▶ PROVIDED DATA:

== Segment start ==

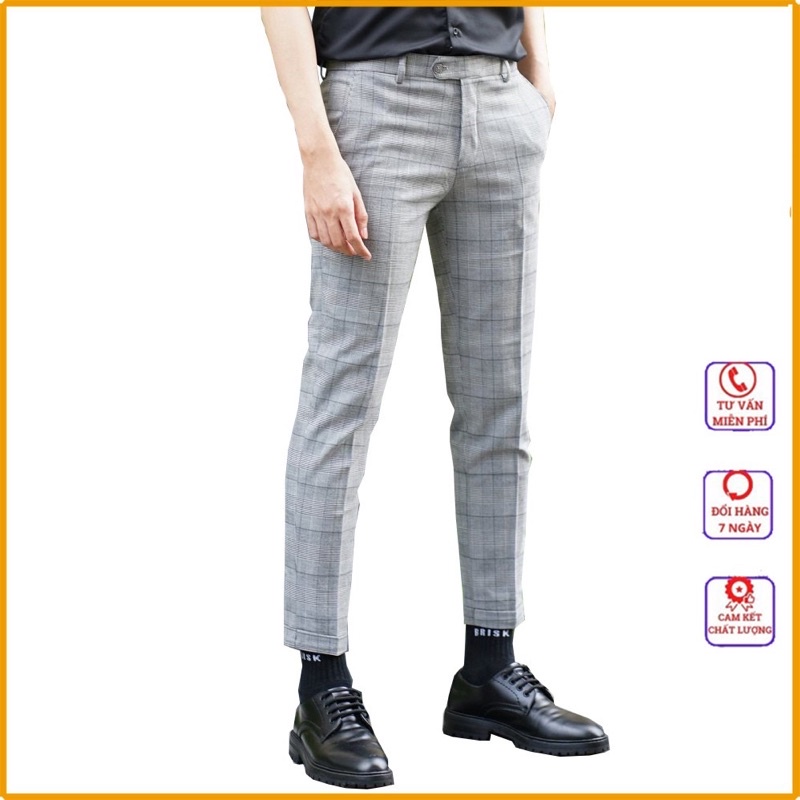 Quần Kẻ Caro Nam 1𝖍𝖆𝖓𝖉 Quần Âu Nam Thiết Kế Họa Tiết Cao, Form Dáng Body Hàn Quốc - Mặc Là Đẹp - Mã QCR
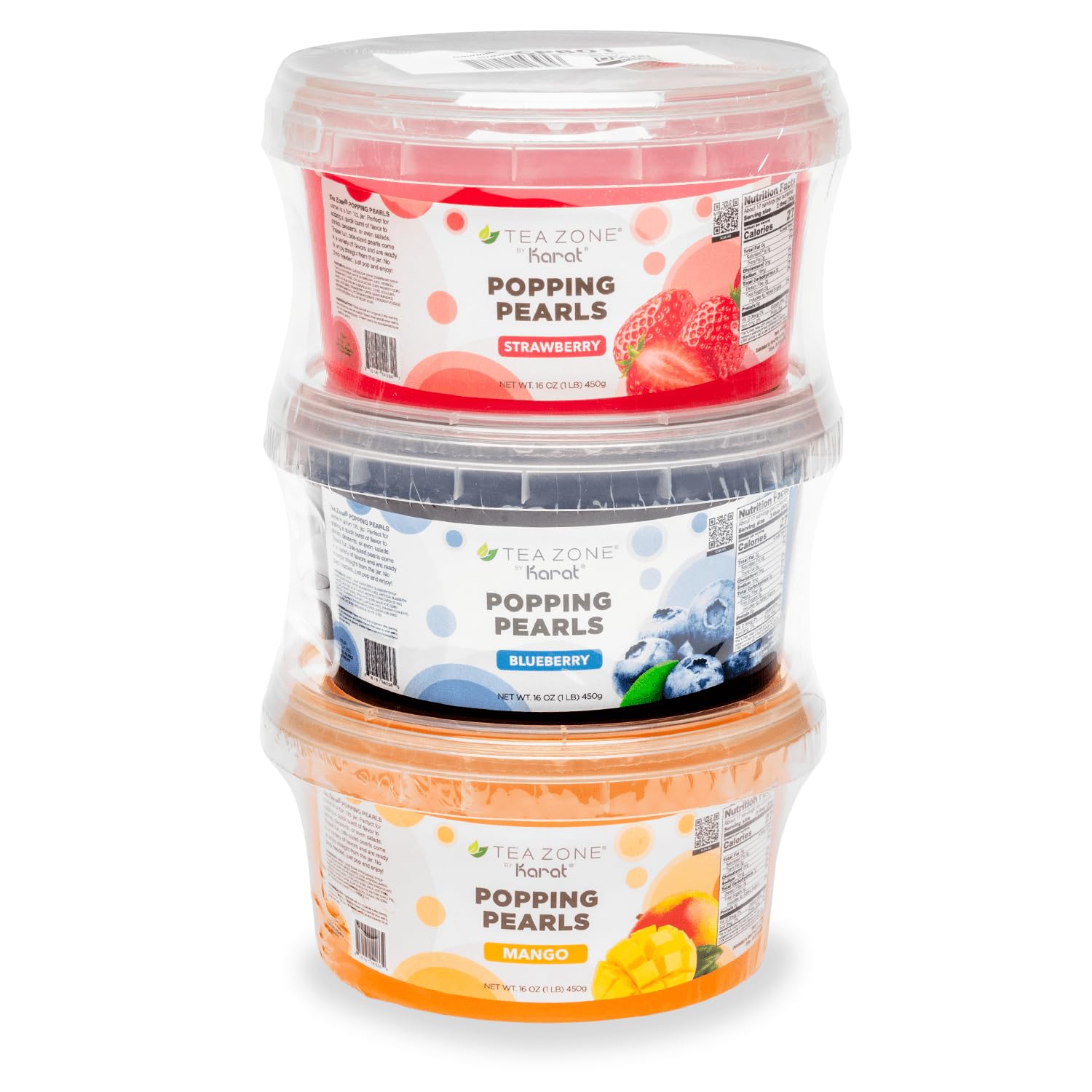 Tea Zone Popping Pearls Combo: Strawberry, Mango, Blueberry Fun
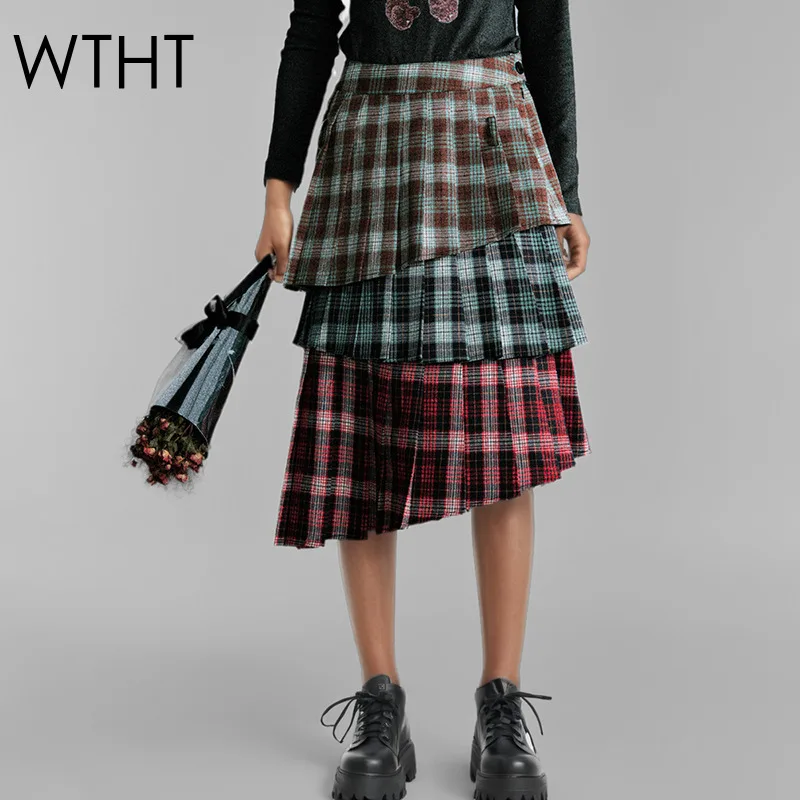 

WTHT New Trendy Women's Contrast Color Plaid Pleated Skirts 2025 Spring Fashion High Waist A-line Long Skirt Female 1LS923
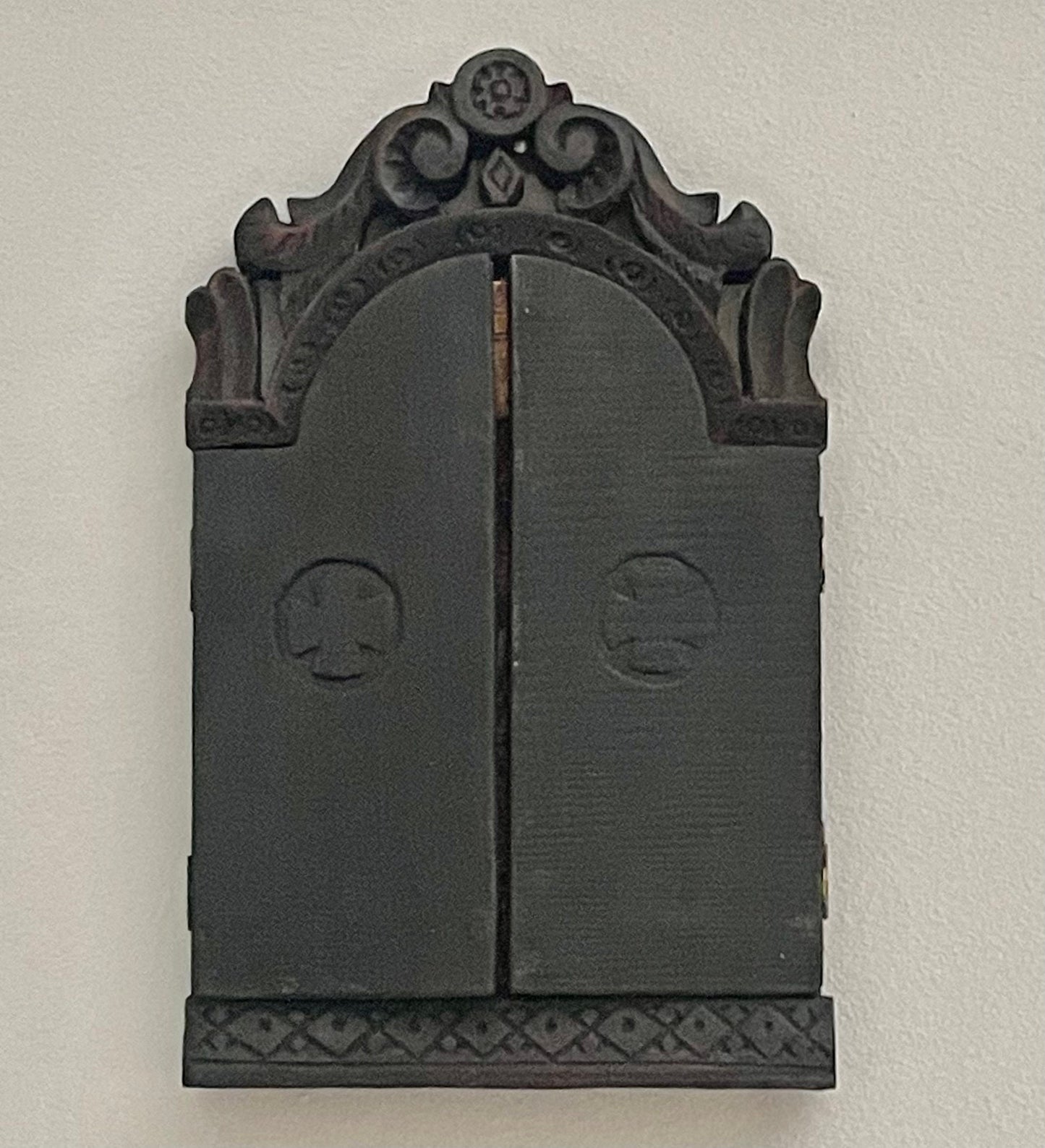 Virgin and Child, two angels on the two windows, Byzantine icon with woodcarved frame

== Segment end ==

With the pictures omitted, the material is to be transcribed exactly.

▶ THE COMPLETED TASK:
 Quần Kẻ Caro Nam 1𝖍𝖆𝖓𝖉 Quần Âu Nam Thiết Kế Họa Tiết Cao, Form Dáng Body Hàn Quốc - Mặc Là Đẹp - Mã QCR
 Tea Zone Popping Pearls Combo: Strawberry, Mango, Blueberry Fun

WTHT New Trendy Women's Contrast Color Plaid Pleated Skirts 2025 Spring Fashion High Waist A-line Long Skirt Female 1LS923
 Virgin and Child, two angels on the two windows, Byzantine icon with woodcarved frame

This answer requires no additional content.